Critical Urban Futures
The wonder of the African market: post-colonial inflections
Prof Pal Ahluwalia, 14 September, Magill Campus. The African market, a site denigrated by colonialism, is rapidly becoming a dominant register through which to understand the cultural exchanges that are so vital to the practice of everyday life. The African market, for so long forgotten in favour of the village and 'tribe', is being reclaimed, liberated, and is fast-emerging as the new site of the symbolic production of the post-colony. It is here that Africans brutalised by the new colonial administrations the World Bank and the IMF, through structural adjustment programs are able to engage with the world. It is market consumption that evokes both wonder and resonance that links perhaps the most marginalised constituency, African subjects, to the processes of contemporary globalisation as they navigate their own modernity. Pal Ahluwalia is Professor of Post-colonial Studies at the University of South Australia and Professor of Ethnic Studies at the University of California San Diego. His interests lie in the areas of African studies, and social and cultural theory, in particular, post-colonial theory and the processes of diaspora, exile, migration and the complexities of identity formation. His work is internationally renowned for breaking down disciplinary boundaries and challenging orthodoxy.
Intersections
Canadian multiculturalism: a study of identity, image and ideology in picture books with pre-service teachers
Roberta F. Hammett, 20 September, Magill Campus.
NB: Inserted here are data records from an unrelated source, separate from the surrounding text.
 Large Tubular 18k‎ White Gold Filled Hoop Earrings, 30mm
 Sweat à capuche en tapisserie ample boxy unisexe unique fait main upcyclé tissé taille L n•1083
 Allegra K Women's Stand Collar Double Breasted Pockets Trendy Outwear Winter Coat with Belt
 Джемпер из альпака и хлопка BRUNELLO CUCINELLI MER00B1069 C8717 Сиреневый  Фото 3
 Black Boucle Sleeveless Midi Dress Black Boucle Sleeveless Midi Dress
This seminar presented an overview and preliminary findings from a cross-Canada study exploring aspects of visual literacy and identity formation in Canadian multicultural picture books with pre-service teachers. The research draws on theories of critical multiculturalism and on transactional theories of reading. Picture books, through the interplay of text and image, offer particularly rich contexts for readers to engage with and to interrogate subjectivity, representation and ideology. Preliminary findings highlight the pedagogical, performative and ideological potential of bringing picture books into classrooms. In this practitioner enquiry, student teachers were encouraged to consider aspects of critical literacy related to their readings of the picture books, to reflect on the potential of the books for the classroom, and to explore their own understandings of Canadian identity as represented in the texts. Roberta F. Hammett is a Professor in the Faculty of Education at the Memorial University of Newfoundland in St. John's, Canada. She teaches and researches literacies, with a particular emphasis on their intersections with gender, identities, ICT, secondary education, teacher education, media, community and teacher professional development.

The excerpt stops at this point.